Each year, the band has openings for a few musicians. If you are interested in becoming a member of the Burlington Municipal Band, contact Mark Eveleth by telephone at (319) 753-6900 or by e-mail at evelethm@mchsi.com.
About the Band
The Burlington (Iowa) Municipal Band is a community concert band which has served and enriched the life of this city for seventy-five years. The band's first concert was presented in Crapo Park in May of 1927 after the citizens of Burlington had expressed the desire that such a band be formed. The band's roots extend back to the nineteenth century since it was formed through the combining of the existing Orchard City Band and the privately operated Fischer's Band under the leadership of J. Henri Fischer, a prominent musician of the era.
The band today enjoys a membership from a wide variety of backgrounds. The band contains homemakers, physicians, music teachers, business men and women, ministers, retired people, college students, and a few outstanding high school musicians. All share the common enjoyment of playing their instruments and providing the community with a wholesome family activity.
With continued support from the City of Burlington, the Municipal Band continues to perform free Sunday evening concerts in Crapo Park during the summer months. These concerts are presented from 7:30 until 8:30 P.M. at the Crapo Park Bandshell, located on Grandview Drive within the park. This site provides concert goers a magnificent view of the Mississippi River and the Illinois farmlands spread below, and a wide lawn where listeners can choose to sit on park benches provided near the bandshell, or bring their own lawn chairs or blankets, perhaps to sit near the illuminated Foehlinger Fountain. The concerts are well attended by people of all ages, and many visitors to Burlington make it a point to return each summer to hear at least one concert.
This website is now maintained by members of the Burlington Municipal Band.
We thank the staff at the Burlington Public Library for the original site design.
Questions and/or comments can be directed to -- webmaster@muniband.org
This web site is also available in a LARGE PRINTversion.

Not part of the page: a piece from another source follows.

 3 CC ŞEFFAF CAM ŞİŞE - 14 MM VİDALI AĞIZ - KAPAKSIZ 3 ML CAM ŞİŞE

We hope that you will take the opportunity to support live music provided by many musical organizations in the Burlington Area during the fall, winter and spring months. Members of the Municipal Band participate in or direct many of these groups, and we would love to see you. These groups include the school bands, orchestras and choirs in Burlington and surrounding communities as well as the Southeast Iowa Symphony, Southeast Iowa Band, Bel Canto Chorale, South Hill Brass, Southeast Iowa Brass Quintet, and the Southeast Iowa Woodwind Quintet. You may often find band members directing or participating in the pit bands of the Players Workshop and/or area school musical productions as well.

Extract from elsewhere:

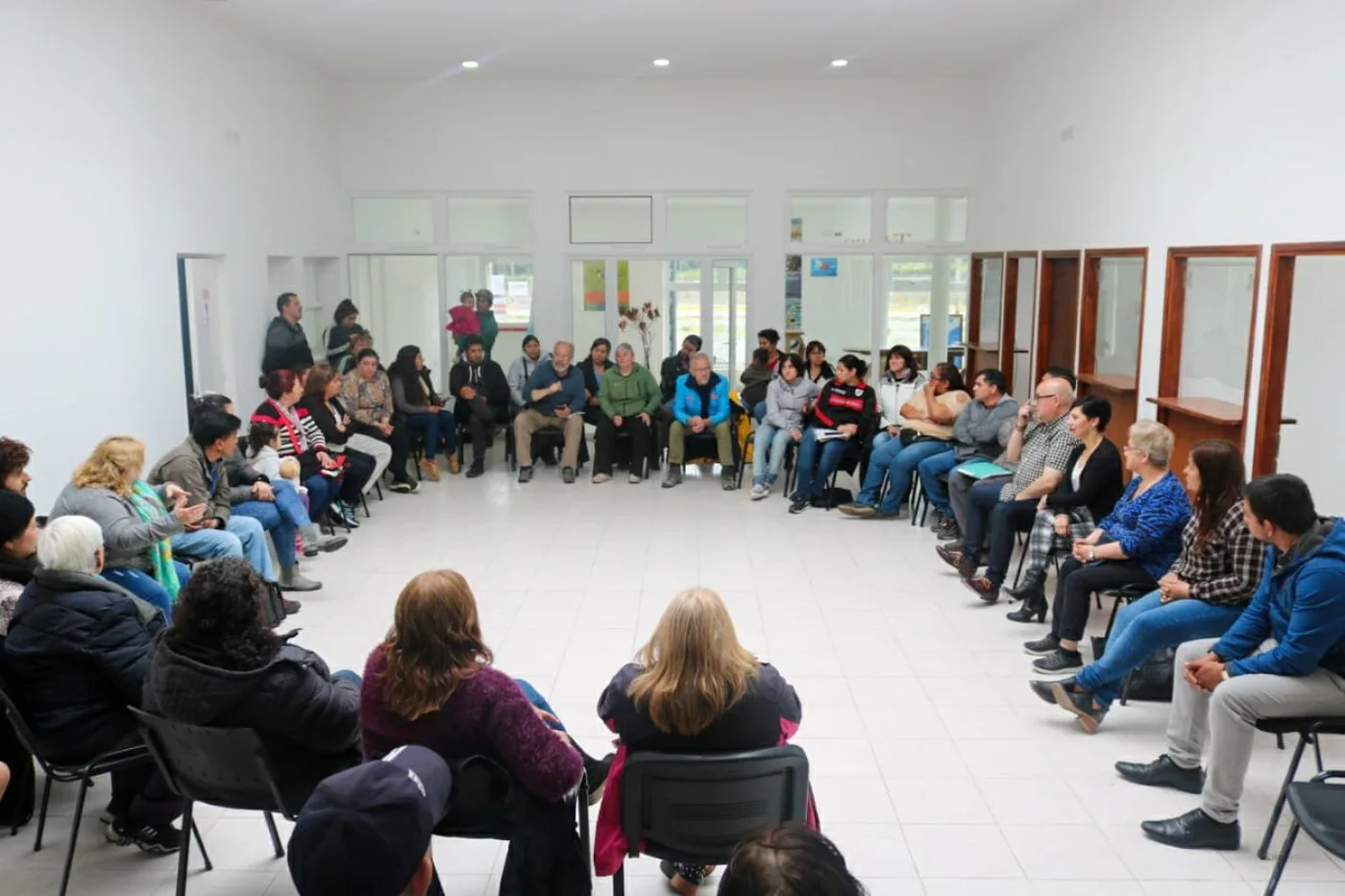 Primer encuentro entre autoridades municipales, artesanos y feriantes de Tolhuin.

Note from the webmaster: We update this web site at least once a week during our summer concert season. Since the program for each Sunday concert is finalized at our rehearsal on Monday evening, we generally post the week's update sometime on Tuesday. Unfortunately, if you are viewing this page on a summer Monday, what follows will undoubtedly be the information for YESTERDAY'S concert.
Regular visitors to this web site are aware that we are constantly looking for historical photographs and information relating to the early days of the Burlington Municipal Band and it's antecedents, the Orchard City Band and the Fischer Band. We sometimes wonder whether our efforts to chronicle the historical background of our band are reaching our intended audience. We were therefore gratified to receive a telephone call and follow up letter from Rosalie A. Hahn of Leavenworth, Kansas who had viewed this site's history page and who most graciously sent us the accompanying photograph and information about her husband's grandfather who had been a prominent member of the Fischer Band. (If you have viewed the photos elsewhere on this site you know that we previously had no information whatsoever concerning the names of the Fischer Band members.)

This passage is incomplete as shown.